Section 2.60 of the Account Purchase Agreement is hereby amended and restated to read in its entirety as follows:

“2.60            “LIBOR” means, as of a selected date, the rate per annum determined pursuant to the following formula:

LIBOR =

Base LIBOR

 

 

100% - LIBOR Reserve Percentage

 

(a)      “Base LIBOR” means the rate per annum for United States Dollar deposits quoted by WFBC for the purpose of calculating the effective floating interest rate for loans that reference Daily One Month LIBOR as the Inter-Bank Market Offered Rate in effect from time to time for the 1 month delivery of funds in amounts approximately equal to the principal amount of such loans.
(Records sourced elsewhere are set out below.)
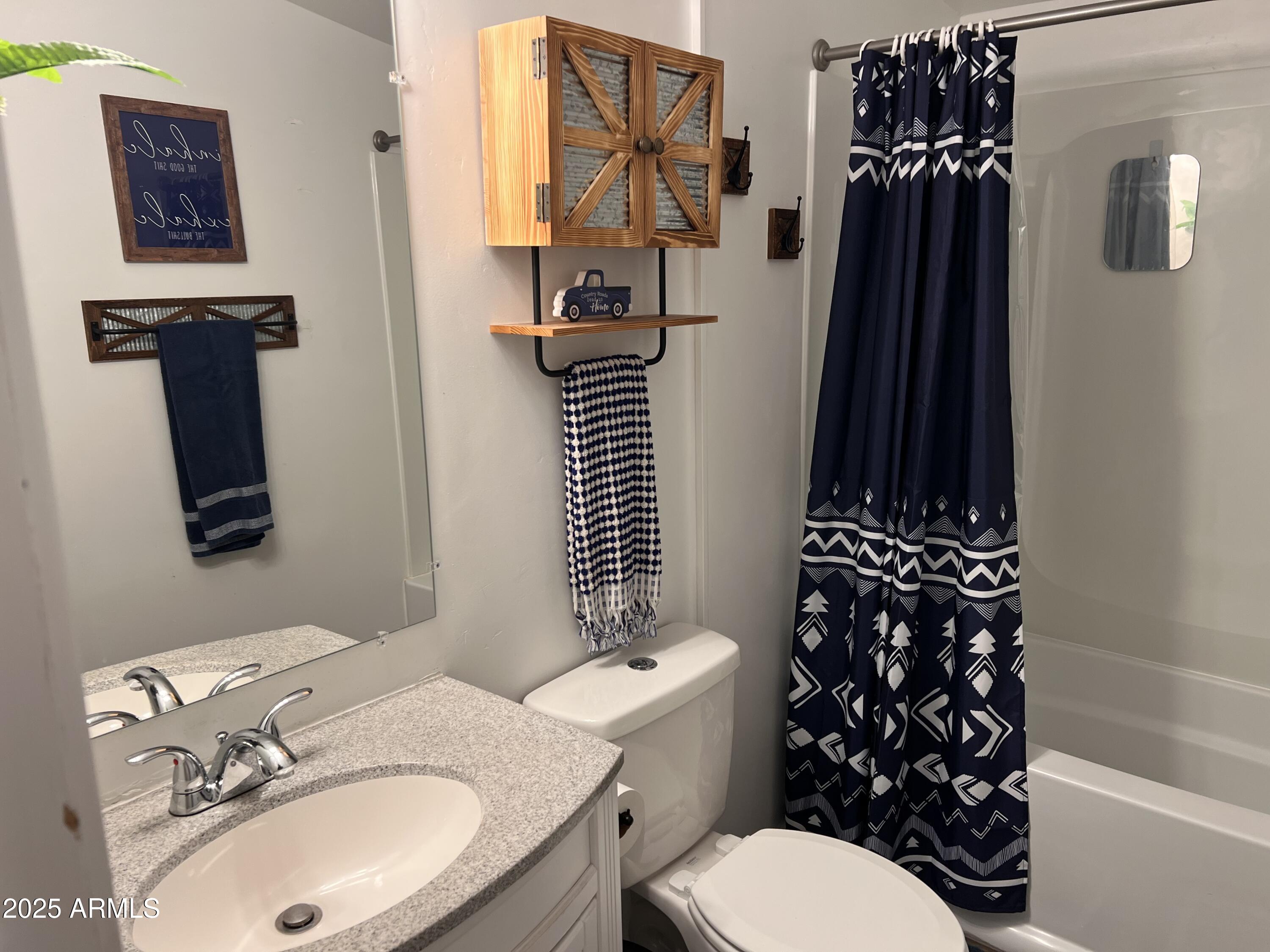 903 East Granite Dells Road, Unit 29 Payson, AZ 85541 - Photo 11 of 21 IMG_2423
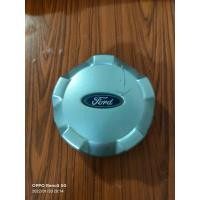 ราคา สภาพ80 ขาล็อกครบ ไม่แตกหัก ราคาต่อชิ้น ฝาครอบล้อ Ford Escape ฝาครอบดุมล้อ (12367696290)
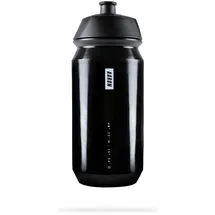 Aaron ECO Schwarz 0,75 l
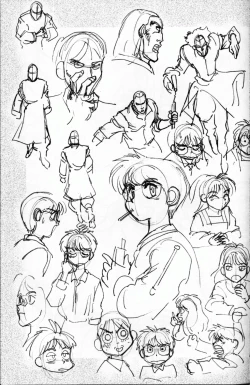 Page 50 of Mantou .22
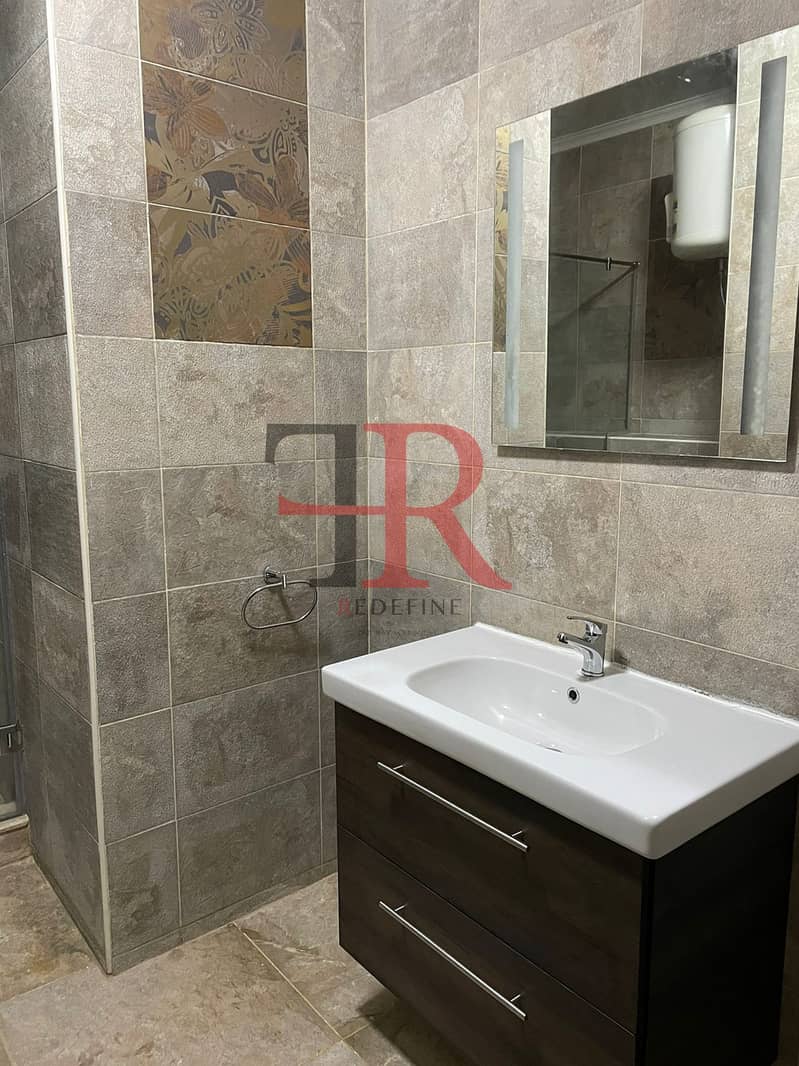 12 WhatsApp Image 2026-01-12 at 2.22. 50 PM (3). jpeg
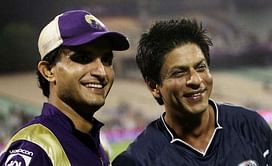 India vs Bangladesh T20 World Cup 2016 clash sees Shah Rukh Khan as commentator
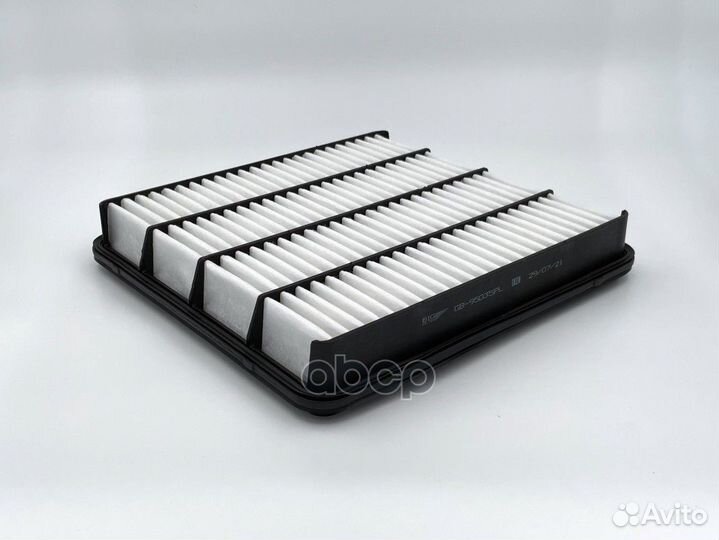 Фильтр воздушный BIG GB-95035PL GB-95035PL BIG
(b)      “Daily One Month LIBOR” means, for any day the rate per annum for United States dollar deposits determined by WFBC for the purpose of calculating the effective interest rate for loans that reference Daily One Month LIBOR as the Inter-Bank Market Offered Rate in effect from time to time for the 1 month delivery of funds in amounts approximately equal to the principal amount of such loans.  The Customer understands and agrees that WFBC may base its determination of the Inter-Bank Market Offered Rate upon such offers or other market indicators of the Inter-Bank Market as WFBC in its discretion deems appropriate, including but not limited to the rate offered for U.S. dollar deposits on the London Inter-Bank Market.  When interest is determined in relation to Daily One Month LIBOR, each change in the interest rate shall become effective each Business Day that WFBC determines that Daily One Month LIBOR has changed.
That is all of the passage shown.